Ein Tod verschwindet: Harald Naegeli in Köln
Das Museum Schnütgen erinnert an den „Sprayer von Zürich“ Harald Naegeli, dessen Graffitis in den 1980er Jahren wegweisend für die Street Art wurden – und der auf der Flucht vor der Schweizer Polizei lange in Köln und Düsseldorf gelebt hat. Wir bedichten sein Verschwinden im Stadtraum.

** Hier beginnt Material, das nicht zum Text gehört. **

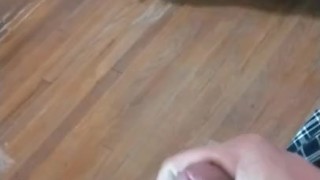 Morning wood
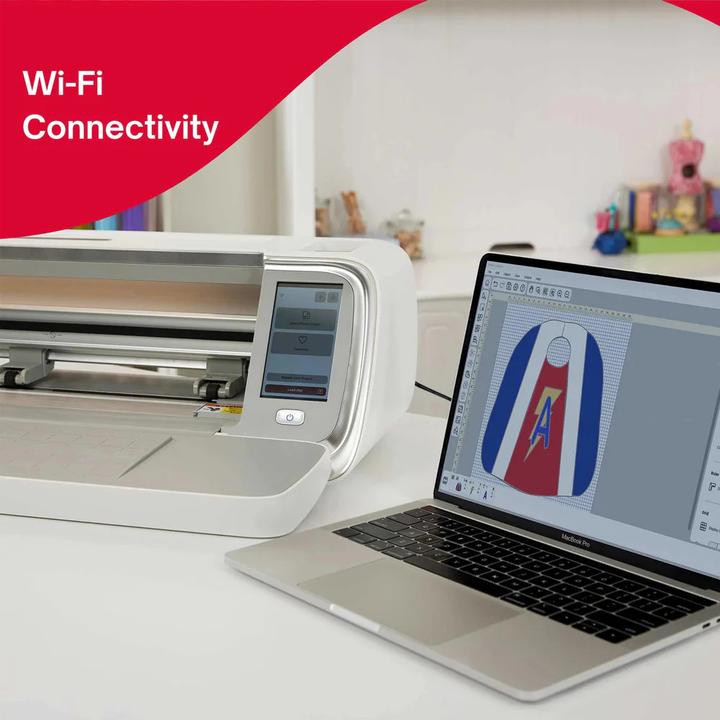 Actual product image Singer momento™ cutting machine 24"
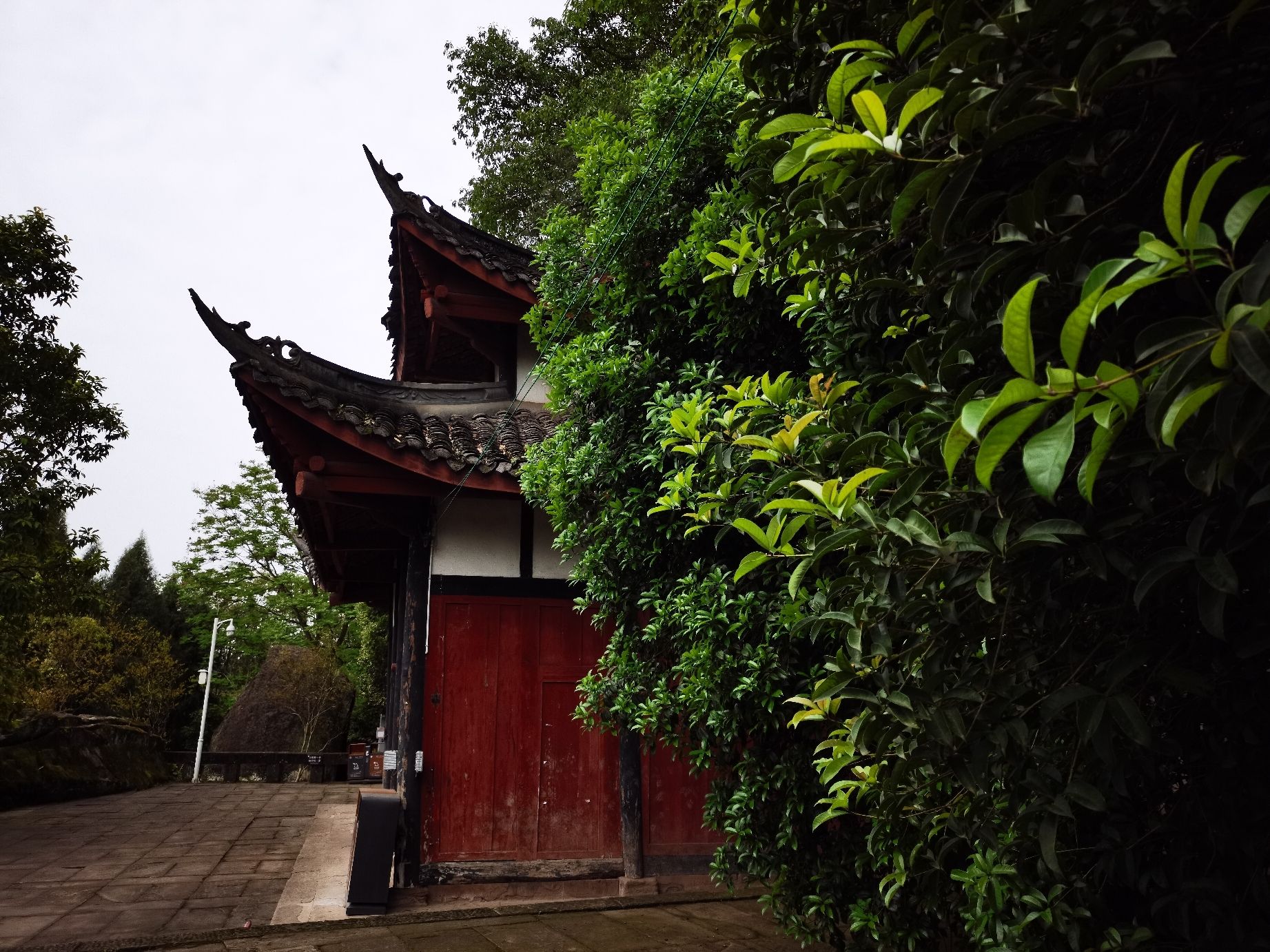 大般若洞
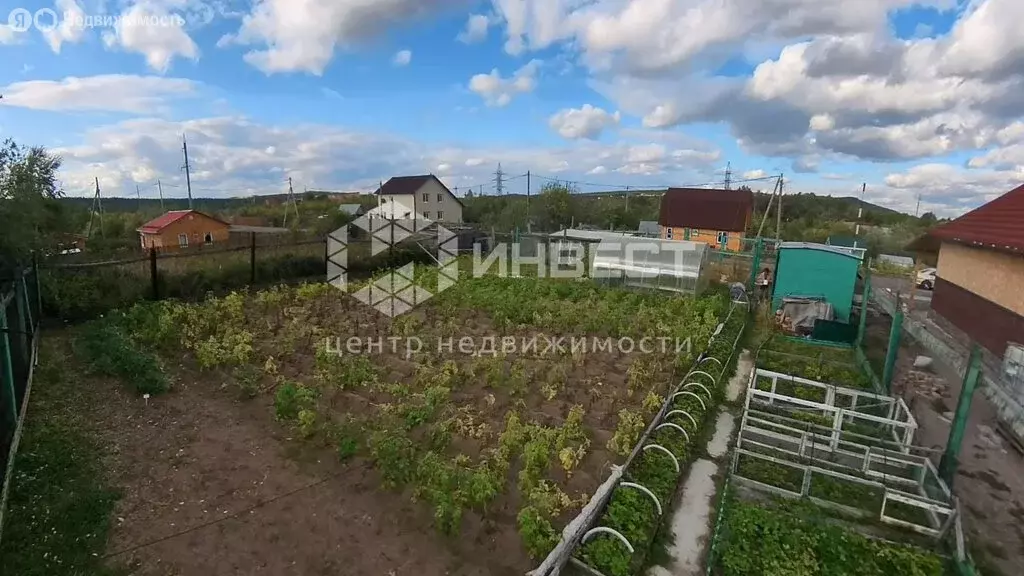 Участок в Кольский район, городское поселение Кильдинстрой, посёлок ... - Фото 0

Vor kurzem haben wir wegen Putin, dem Schnitter, unseren OP-Plan geändert und eine eher humoristisch angehauchte lyrische Hommage an Martin Kippenberger auf unbekannte Zeit verschoben. Ein etwas melancholischeres Gedicht auf den Tod und die bisweilen verblassende Freiheit der Kunst passt momentan aber vielleicht doch ganz gut wie die Faust aufs diktatorische Auge.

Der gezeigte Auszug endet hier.